>>

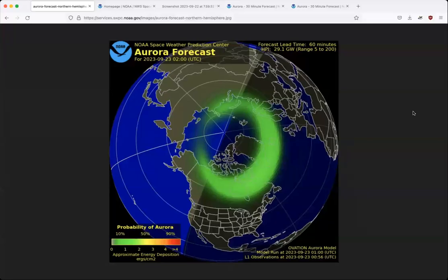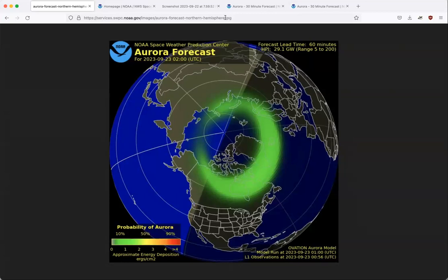I'd like to show you my favorite aurora forecasting tool — it's called the OVATION model. It's going to show us a measure of the power of aurora coming into Earth's atmosphere, as well as a visual showing how the northern lights and the auroral oval look around the globe in the northern hemisphere. This is a still image from the OVATION model. The URL has a .jpeg at the end, but if you refresh this model you get an updated view of conditions in near real time.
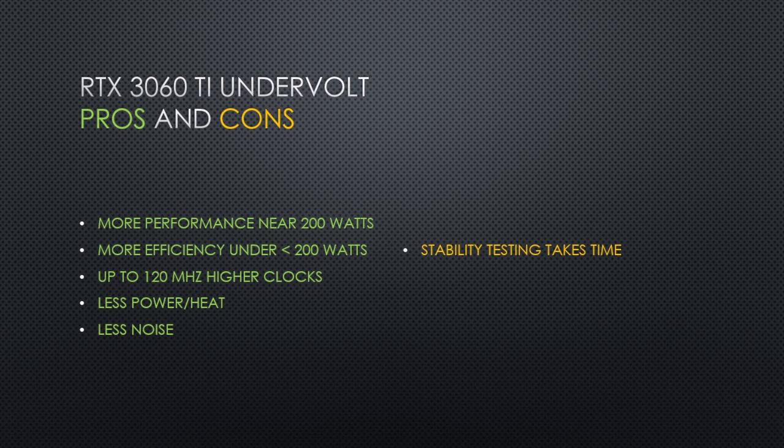As always, after setting your undervolt, it's important to check stability by running stress tests and playing games while verifying that there is no crashing.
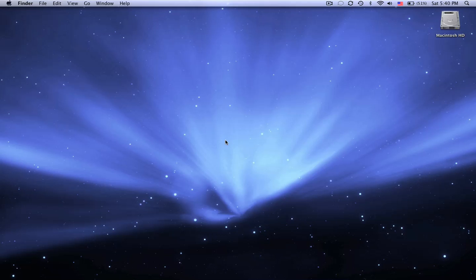Hey guys this is MacHeads101, and I noticed there was a lot of videos online that show what people have on their dock, and I got a couple of requests for it, so now I'm going to be showing you.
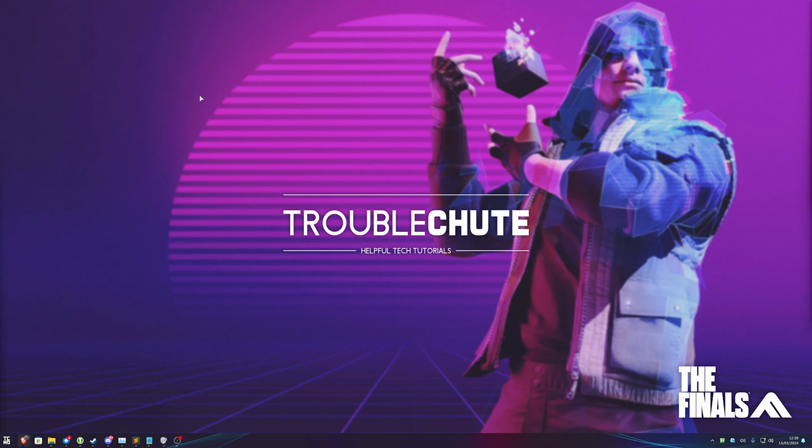Hopefully now you have the competitive edge. Thank you all for watching. My name's Troubleshoot, and I'll see you all next time. Ciao.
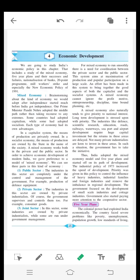The next point is five-year plans, which we will be seeing in the next lecture. Okay, bye.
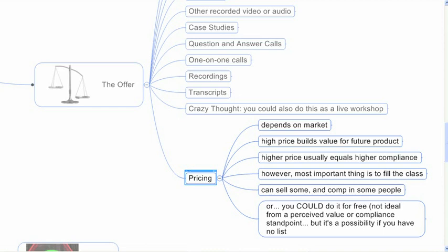Or, the bottom one here, I say you could do this entire thing for free. It's not ideal to do it for free because of the perceived value and because of the compliance, meaning people aren't going to take you seriously. They're not going to show up. They're not going to do the homework when you give something away for free. But it's a possibility. If you're just starting from scratch and you have no list or you have some people that do take your stuff really, really seriously but you don't think you can get them to pay, you could do it for free. Definitely not my preferred way to do things. So that is the offer for your seed launch.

<<

Retype the whole listing above exactly as written. Skip the pictures.

→ ANSWER TO THIS TASK
I'd like to show you my favorite aurora forecasting tool — it's called the OVATION model. It's going to show us a measure of the power of aurora coming into Earth's atmosphere, as well as a visual showing how the northern lights and the auroral oval look around the globe in the northern hemisphere. This is a still image from the OVATION model. The URL has a .jpeg at the end, but if you refresh this model you get an updated view of conditions in near real time.
As always, after setting your undervolt, it's important to check stability by running stress tests and playing games while verifying that there is no crashing.
Hey guys this is MacHeads101, and I noticed there was a lot of videos online that show what people have on their dock, and I got a couple of requests for it, so now I'm going to be showing you.
Hopefully now you have the competitive edge. Thank you all for watching. My name's Troubleshoot, and I'll see you all next time. Ciao.
The next point is five-year plans, which we will be seeing in the next lecture. Okay, bye.
Or, the bottom one here, I say you could do this entire thing for free. It's not ideal to do it for free because of the perceived value and because of the compliance, meaning people aren't going to take you seriously. They're not going to show up. They're not going to do the homework when you give something away for free. But it's a possibility. If you're just starting from scratch and you have no list or you have some people that do take your stuff really, really seriously but you don't think you can get them to pay, you could do it for free. Definitely not my preferred way to do things. So that is the offer for your seed launch.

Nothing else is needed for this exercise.